§ WHAT IS BEING ASKED: The records below must be returned exactly, with every picture left out.

§ SOURCE RECORDS:
::::
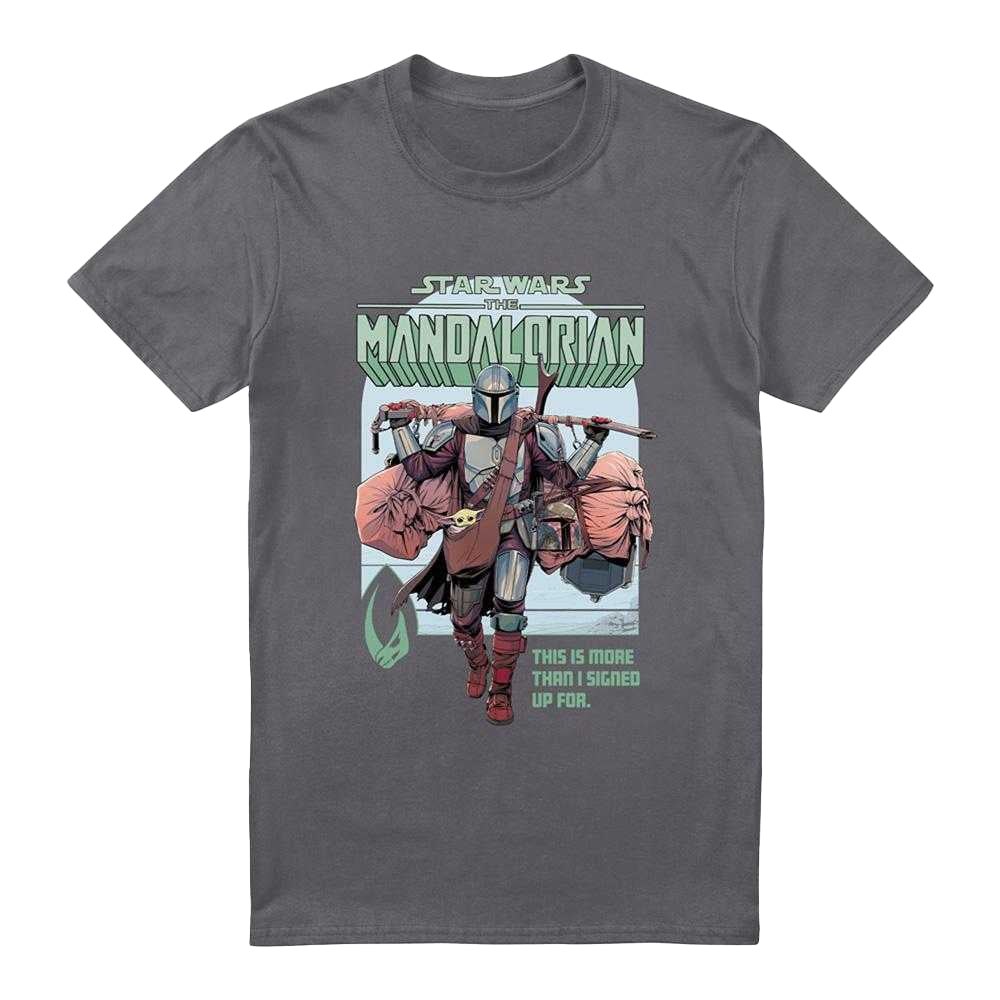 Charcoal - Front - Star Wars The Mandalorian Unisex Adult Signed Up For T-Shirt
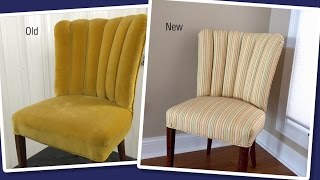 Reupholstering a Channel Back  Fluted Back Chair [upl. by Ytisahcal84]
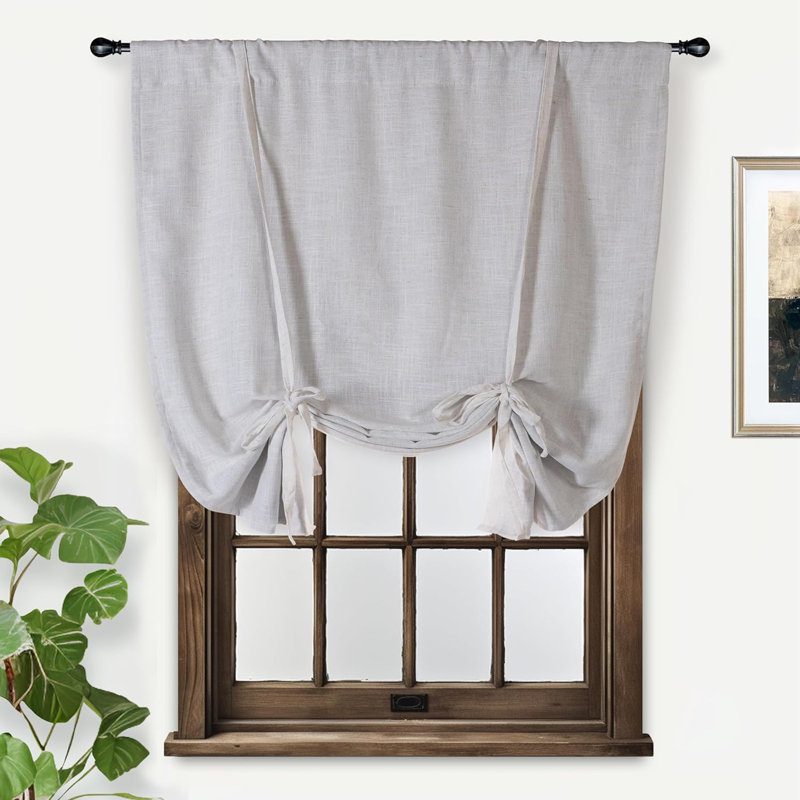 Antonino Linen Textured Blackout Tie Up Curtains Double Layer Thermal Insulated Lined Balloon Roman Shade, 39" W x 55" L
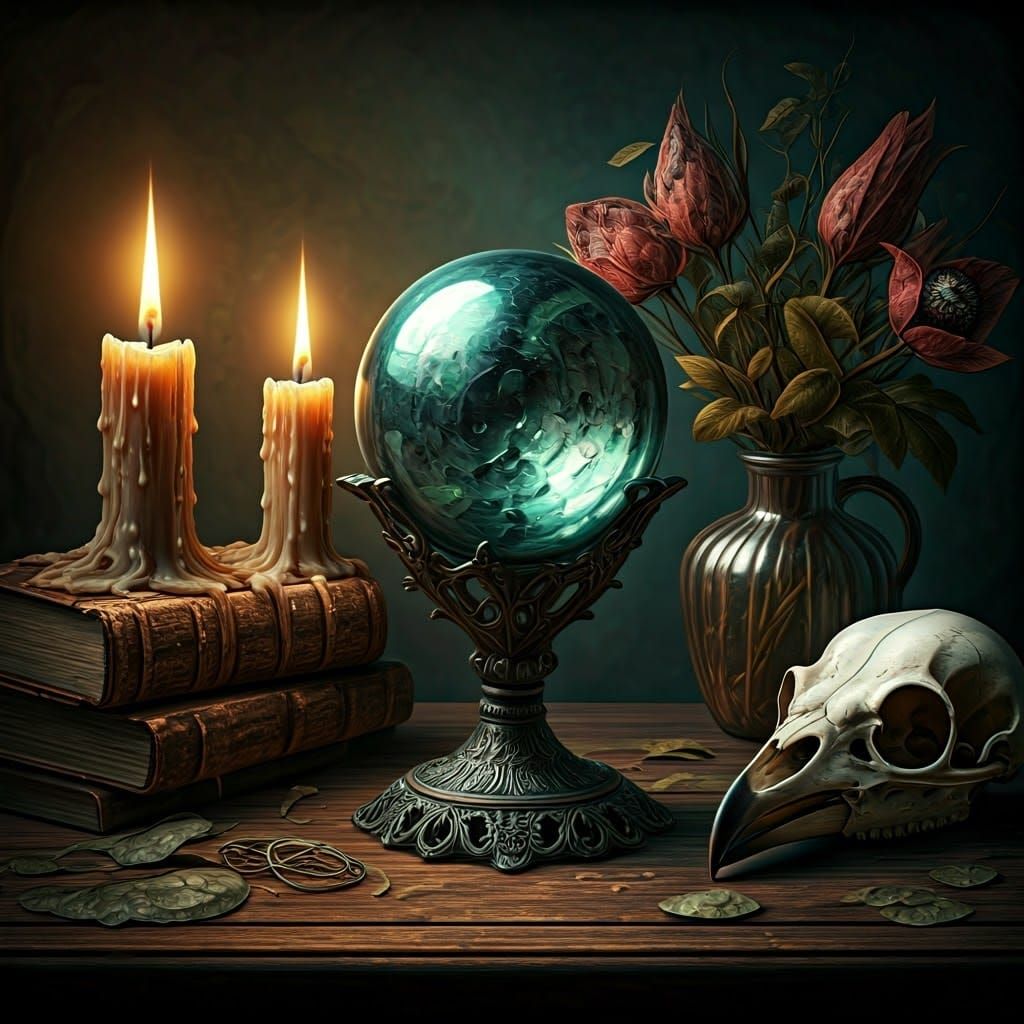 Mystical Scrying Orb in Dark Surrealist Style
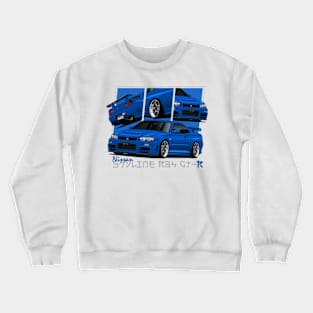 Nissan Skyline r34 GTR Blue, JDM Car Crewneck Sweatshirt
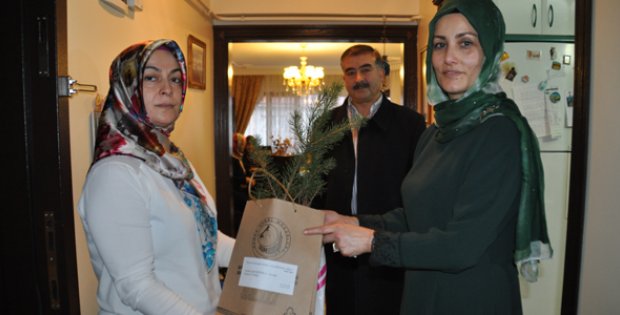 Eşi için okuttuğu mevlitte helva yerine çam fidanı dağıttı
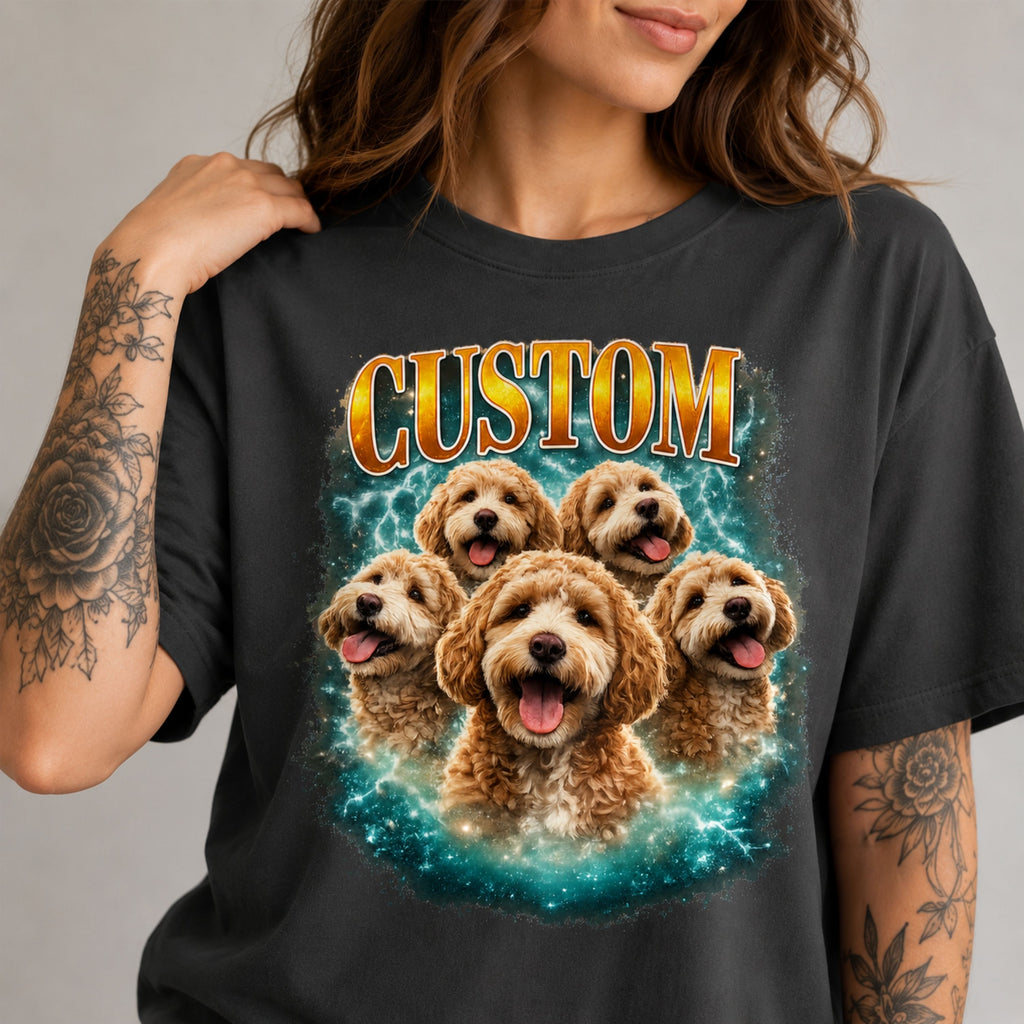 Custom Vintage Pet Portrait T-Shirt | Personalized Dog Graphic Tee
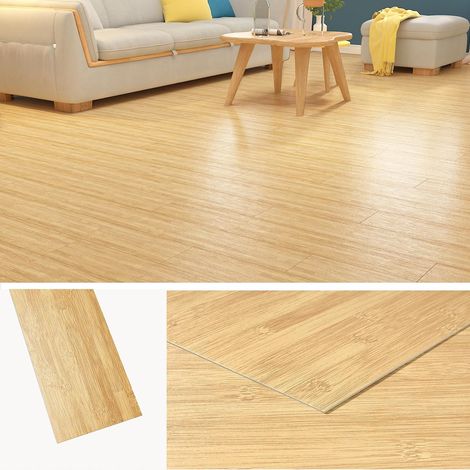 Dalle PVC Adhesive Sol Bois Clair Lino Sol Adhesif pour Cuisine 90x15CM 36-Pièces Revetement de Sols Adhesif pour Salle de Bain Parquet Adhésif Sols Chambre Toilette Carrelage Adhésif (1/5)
::::
§ WRITTEN RESPONSE:
 Charcoal - Front - Star Wars The Mandalorian Unisex Adult Signed Up For T-Shirt
 Reupholstering a Channel Back  Fluted Back Chair [upl. by Ytisahcal84]
 Antonino Linen Textured Blackout Tie Up Curtains Double Layer Thermal Insulated Lined Balloon Roman Shade, 39" W x 55" L
 Mystical Scrying Orb in Dark Surrealist Style
 Nissan Skyline r34 GTR Blue, JDM Car Crewneck Sweatshirt
 Eşi için okuttuğu mevlitte helva yerine çam fidanı dağıttı
 Custom Vintage Pet Portrait T-Shirt | Personalized Dog Graphic Tee
 Dalle PVC Adhesive Sol Bois Clair Lino Sol Adhesif pour Cuisine 90x15CM 36-Pièces Revetement de Sols Adhesif pour Salle de Bain Parquet Adhésif Sols Chambre Toilette Carrelage Adhésif (1/5)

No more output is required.